>>
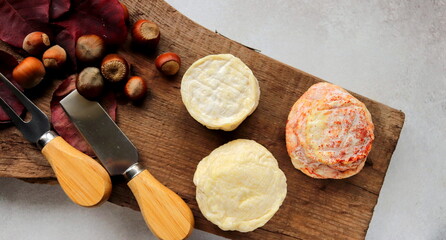 soft fresh cheese sprinkled with paprika selective focus, cheese made from goat milk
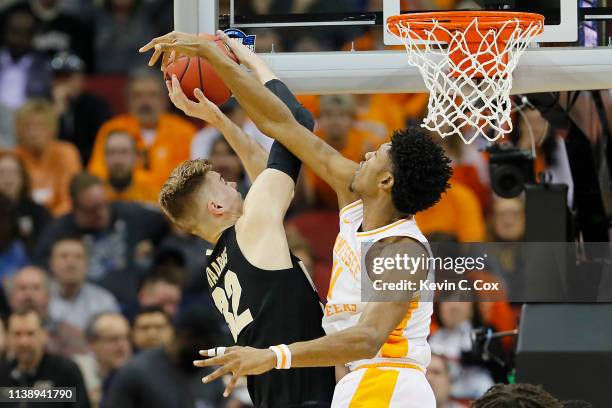 Kyle Alexander of the Tennessee Volunteers blocks a shot by Matt Haarms of the Purdue Boilermakers during the first half of the 2019 NCAA Men's...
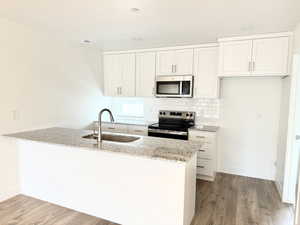 Beautiful white cabinets with stainless steel appliances & granite countertops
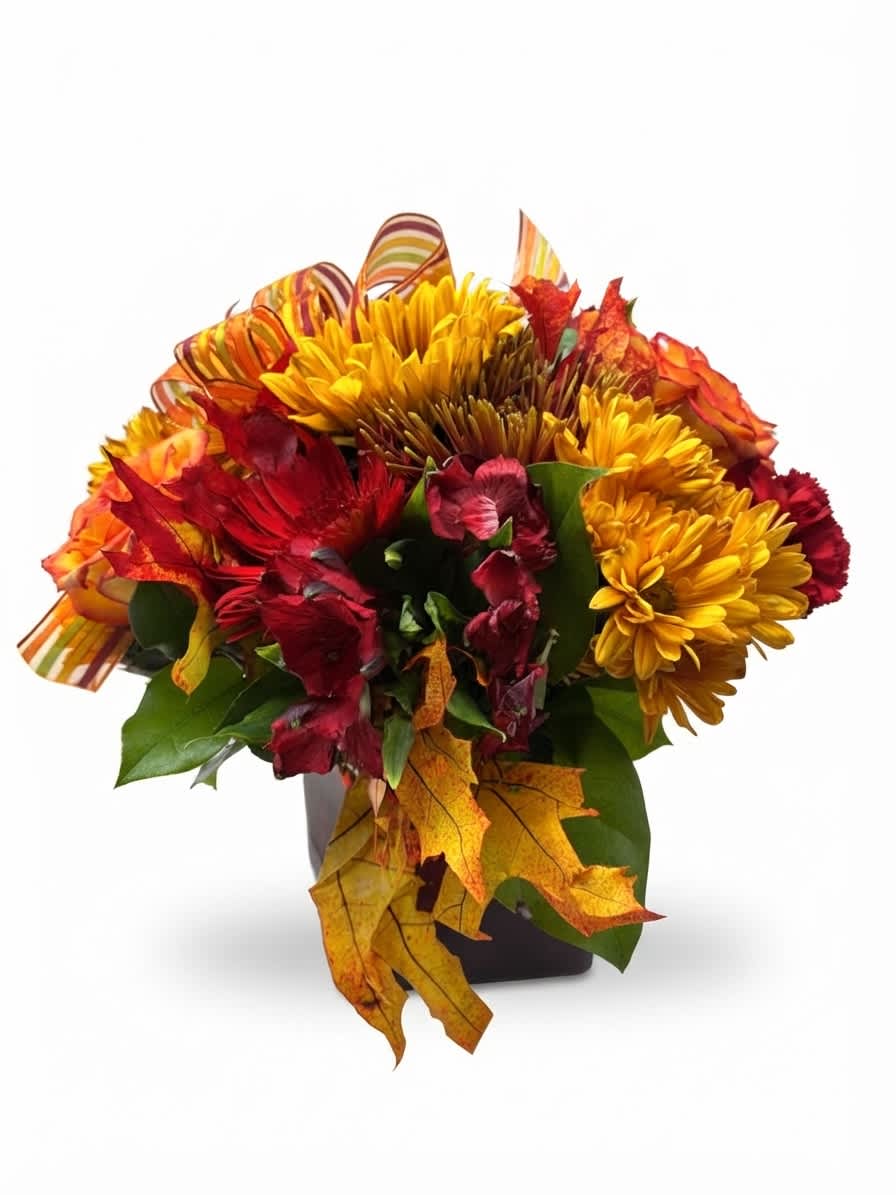 Autumn bouquet of yellow and red flowers in a dark vase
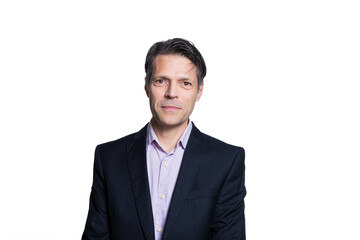 Middle-aged man smiling at the camera, on white background, wearing formal clothes.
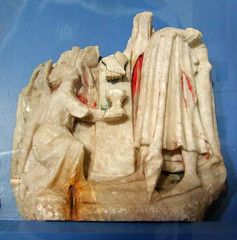 an angel collects Christ's precious blood in a chalice (14th Century English alabaster, fragment)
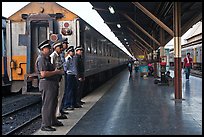 Train platform and attendants. Bangkok, Thailand (color)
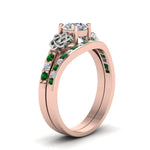 Load image into Gallery viewer, round-cut-diamond-channel-band-celtic-bridal-set-with-emerald-in-14K-rose-gold-FDENS2255B2ROGEMGRANGLE2-NL-RG_a2917cfc-0028-4bcf-8ff9-342877b30a89?v=1756980511
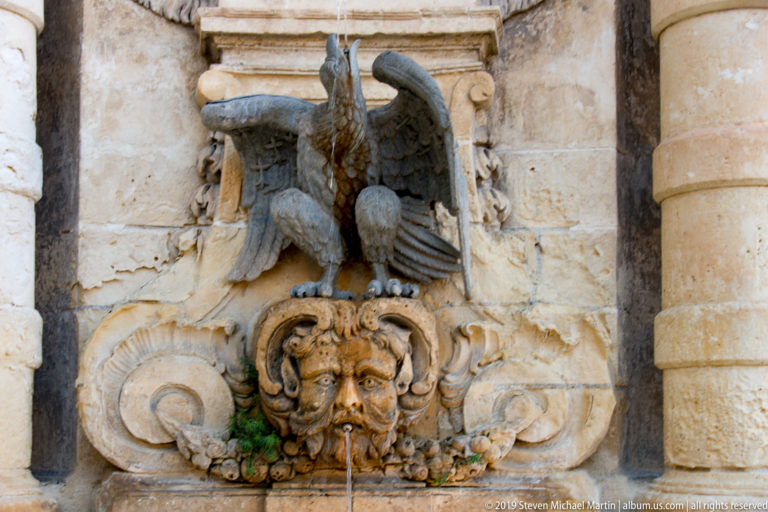 Weathered stone fountain relief with spread-winged eagle above a grotesque mask spout, surrounded by shell scrolls and carved foliage.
<<
--- Assignment ---
Your response must reproduce every line of the data exactly, with images omitted.

--- Answer to the exercise ---
 soft fresh cheese sprinkled with paprika selective focus, cheese made from goat milk
 Kyle Alexander of the Tennessee Volunteers blocks a shot by Matt Haarms of the Purdue Boilermakers during the first half of the 2019 NCAA Men's...
 Beautiful white cabinets with stainless steel appliances & granite countertops
 Autumn bouquet of yellow and red flowers in a dark vase
 Middle-aged man smiling at the camera, on white background, wearing formal clothes.
 an angel collects Christ's precious blood in a chalice (14th Century English alabaster, fragment)
 Train platform and attendants. Bangkok, Thailand (color)
 Load image into Gallery viewer, round-cut-diamond-channel-band-celtic-bridal-set-with-emerald-in-14K-rose-gold-FDENS2255B2ROGEMGRANGLE2-NL-RG_a2917cfc-0028-4bcf-8ff9-342877b30a89?v=1756980511
 Weathered stone fountain relief with spread-winged eagle above a grotesque mask spout, surrounded by shell scrolls and carved foliage.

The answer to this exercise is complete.